The snow that falls on the mountains in Colorado contributes to more than just the beautiful scenery. Snow and other precipitation ultimately provide both the surface water and the groundwater that we use for drinking—not to mention the water that powers rivers and fills lakes for activities like rafting and fishing.
The majority of the life-giving water in Colorado's rivers and streams originates along the continental divide that runs through the majestic mountains. Colorado residents and visitors have a responsibility to keep our waterways free of litter and other pollutants to ensure a clean water supply to our amazing state.

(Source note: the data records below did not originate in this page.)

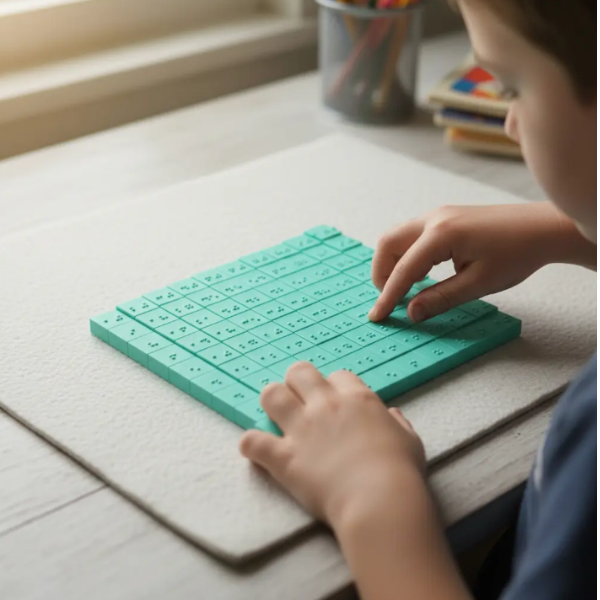 Producto - Tabla Pitagórica 10x10  - Braille - - 0
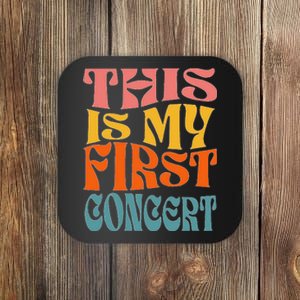 This Is My First Concert Music Event Retro Groovy Coaster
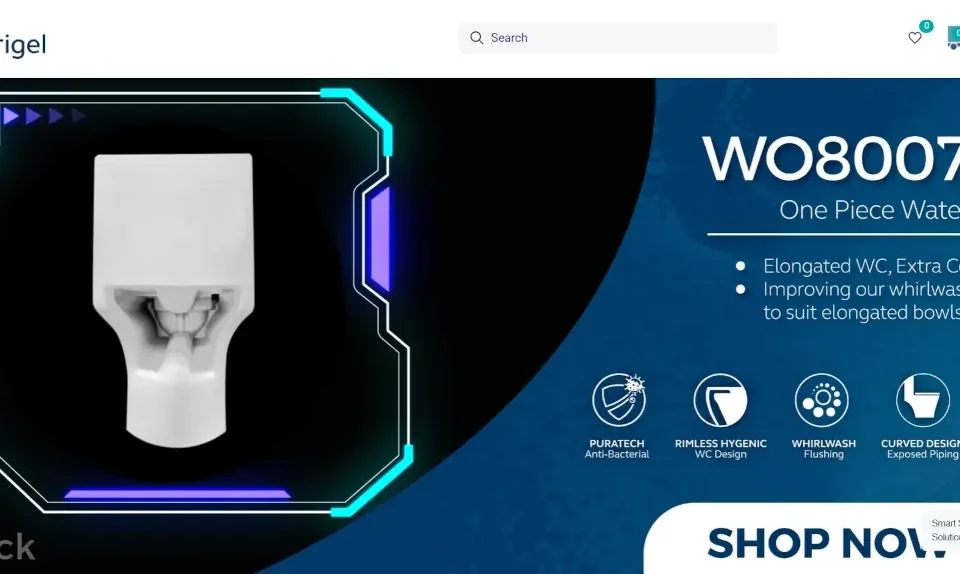 Website Revamp for RIGEL Technology | WooCommerce by GC Tech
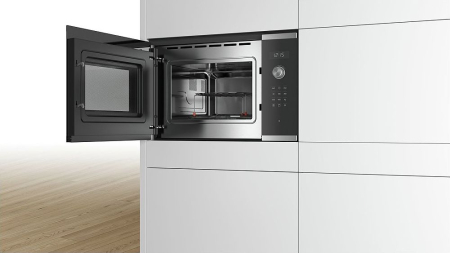 Cuptor cu Microunde Incorporabil Bosch Serie 6, 900 W, 25 L, Touch, Grill, Negru pukika.ro [1]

Colorado Waterways and Droughts
Since 2000, the Colorado River Basin has been locked in a drought that experts say is likely to be exacerbated by climate change. Most of Colorado's water comes from snow that falls in the Rocky Mountains and is released into natural reservoirs that are gradually utilized over the course of the year. Beginning in 2000, snow has fallen more irregularly in the mountains, including in recent years when totals have been only two-thirds of normal—a concerning record low.
In addition, worsening droughts and rising temperatures have caused the Colorado River to shrink in recent years. In response, scientists are developing models to better understand how the climate crisis is fundamentally changing this critical 1,450-mile waterway.
Researchers at the U.S. Geological Survey have found that human-caused global warming, especially in recent decades, has caused rivers to absorb more solar energy, increasing the amount of water lost through evaporation. They've also found that the Colorado River is dwindling, threatening serious water shortages for millions of people who rely on it.
Ground water is water from rain and snow that that soaks into the soil. It is a vital resource in Colorado.
When water works its way through the soil to the underground "water table," it can pick up nitrogen, phosphorus and other contaminants. Pollutants in the soil can come from many sources including leakage from landfills, wastewater treatment plants and sanitation systems, gas stations and sewers, as well as from fertilizers used in agriculture.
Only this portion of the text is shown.